Ночью, когда мы вели с Пчельниковым наш первый разговор, из подпола время от времени кричал петух, и нам казалось, что в центре Земли находится петух, и именно этот вещий петух пребывающий в центре Земли, управляет всеми земными процессами, человеческими судьбами, и его таинственный крик отсчитывает времена людским жизням и царствам.

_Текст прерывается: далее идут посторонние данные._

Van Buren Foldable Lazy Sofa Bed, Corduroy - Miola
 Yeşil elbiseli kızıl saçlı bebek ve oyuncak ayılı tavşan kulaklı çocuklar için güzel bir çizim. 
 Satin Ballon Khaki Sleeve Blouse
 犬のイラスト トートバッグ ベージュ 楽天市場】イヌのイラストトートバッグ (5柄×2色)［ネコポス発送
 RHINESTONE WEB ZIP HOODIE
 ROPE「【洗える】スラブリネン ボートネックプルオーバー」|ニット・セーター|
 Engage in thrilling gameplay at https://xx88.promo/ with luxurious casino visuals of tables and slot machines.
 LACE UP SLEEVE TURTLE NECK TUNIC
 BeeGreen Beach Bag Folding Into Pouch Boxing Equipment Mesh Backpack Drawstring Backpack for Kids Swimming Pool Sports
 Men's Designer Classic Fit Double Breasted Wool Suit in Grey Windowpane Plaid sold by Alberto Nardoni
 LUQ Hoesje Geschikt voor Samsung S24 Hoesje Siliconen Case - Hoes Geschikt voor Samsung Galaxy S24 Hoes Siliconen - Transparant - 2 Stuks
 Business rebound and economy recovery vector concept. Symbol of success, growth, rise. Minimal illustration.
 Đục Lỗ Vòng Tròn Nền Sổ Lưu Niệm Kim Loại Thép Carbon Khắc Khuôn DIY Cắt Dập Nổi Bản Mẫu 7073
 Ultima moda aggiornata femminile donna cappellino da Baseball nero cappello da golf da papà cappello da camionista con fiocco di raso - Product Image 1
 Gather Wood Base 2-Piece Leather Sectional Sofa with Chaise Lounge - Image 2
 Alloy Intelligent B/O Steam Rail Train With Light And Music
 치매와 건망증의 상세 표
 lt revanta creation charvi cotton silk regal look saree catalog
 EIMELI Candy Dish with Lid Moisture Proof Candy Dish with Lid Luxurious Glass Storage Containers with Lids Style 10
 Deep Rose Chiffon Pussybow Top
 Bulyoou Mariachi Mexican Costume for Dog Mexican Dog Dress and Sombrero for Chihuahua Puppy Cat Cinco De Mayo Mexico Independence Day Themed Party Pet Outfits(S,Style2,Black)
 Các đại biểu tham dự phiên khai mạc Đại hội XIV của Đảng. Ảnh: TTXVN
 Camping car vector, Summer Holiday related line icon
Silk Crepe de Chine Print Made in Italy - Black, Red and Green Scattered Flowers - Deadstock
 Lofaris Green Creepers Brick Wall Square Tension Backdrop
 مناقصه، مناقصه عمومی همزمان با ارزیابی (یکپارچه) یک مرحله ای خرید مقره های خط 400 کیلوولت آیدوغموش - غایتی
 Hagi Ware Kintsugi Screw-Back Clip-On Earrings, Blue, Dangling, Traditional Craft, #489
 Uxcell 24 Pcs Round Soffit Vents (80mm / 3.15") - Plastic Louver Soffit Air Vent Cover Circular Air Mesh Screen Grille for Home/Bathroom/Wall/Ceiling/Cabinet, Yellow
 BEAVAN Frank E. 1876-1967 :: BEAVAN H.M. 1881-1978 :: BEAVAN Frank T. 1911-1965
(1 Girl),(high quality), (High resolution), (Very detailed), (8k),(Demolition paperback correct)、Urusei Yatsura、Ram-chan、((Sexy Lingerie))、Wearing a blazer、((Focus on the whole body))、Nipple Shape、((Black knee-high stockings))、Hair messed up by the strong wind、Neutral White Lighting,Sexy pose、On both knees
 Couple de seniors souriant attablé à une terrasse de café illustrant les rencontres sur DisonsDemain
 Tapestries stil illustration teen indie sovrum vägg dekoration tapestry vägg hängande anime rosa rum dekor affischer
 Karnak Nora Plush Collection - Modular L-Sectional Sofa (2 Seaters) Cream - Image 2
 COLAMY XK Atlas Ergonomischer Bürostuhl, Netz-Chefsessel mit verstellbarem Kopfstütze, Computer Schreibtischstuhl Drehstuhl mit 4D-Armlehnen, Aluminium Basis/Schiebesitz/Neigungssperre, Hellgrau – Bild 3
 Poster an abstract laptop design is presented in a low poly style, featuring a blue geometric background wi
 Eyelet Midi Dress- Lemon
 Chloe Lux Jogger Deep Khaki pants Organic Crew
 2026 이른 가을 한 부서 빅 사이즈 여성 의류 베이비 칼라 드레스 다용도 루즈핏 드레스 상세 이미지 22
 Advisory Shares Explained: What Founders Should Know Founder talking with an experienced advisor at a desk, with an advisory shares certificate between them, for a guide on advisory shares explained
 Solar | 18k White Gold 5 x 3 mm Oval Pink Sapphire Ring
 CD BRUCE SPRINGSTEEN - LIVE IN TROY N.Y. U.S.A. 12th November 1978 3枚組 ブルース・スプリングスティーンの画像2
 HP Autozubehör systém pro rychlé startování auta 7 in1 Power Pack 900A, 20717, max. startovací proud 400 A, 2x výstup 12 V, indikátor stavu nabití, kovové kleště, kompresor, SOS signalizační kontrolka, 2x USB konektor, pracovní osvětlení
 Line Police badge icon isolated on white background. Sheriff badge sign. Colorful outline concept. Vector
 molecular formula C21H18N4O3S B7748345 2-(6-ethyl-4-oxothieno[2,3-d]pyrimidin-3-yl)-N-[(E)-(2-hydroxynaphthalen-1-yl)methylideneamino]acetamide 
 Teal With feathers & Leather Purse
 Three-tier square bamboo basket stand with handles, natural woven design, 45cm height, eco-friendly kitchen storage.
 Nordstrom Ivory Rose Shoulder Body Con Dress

Пчельников изучал расселение в Советском Союзе, когда население из маленьких городков и деревень стало стекаться в большие цивилизационные центры, образуя колоссальные городские агломерации. Это соединение огромного количества людей, огромного количества интеллектов позволяло совершать открытия, плодило идеи, совершенствовало и усложняло человеческое сообщество. Но для существования этого сообщества необходимы были ресурсы, необходимы были газ, нефть золото, металлы. Все эти ценности находились на далёкой периферии, очень часто — во льдах, в тундре, в тайге, в песках, вдалеке от грандиозных городских агломераций.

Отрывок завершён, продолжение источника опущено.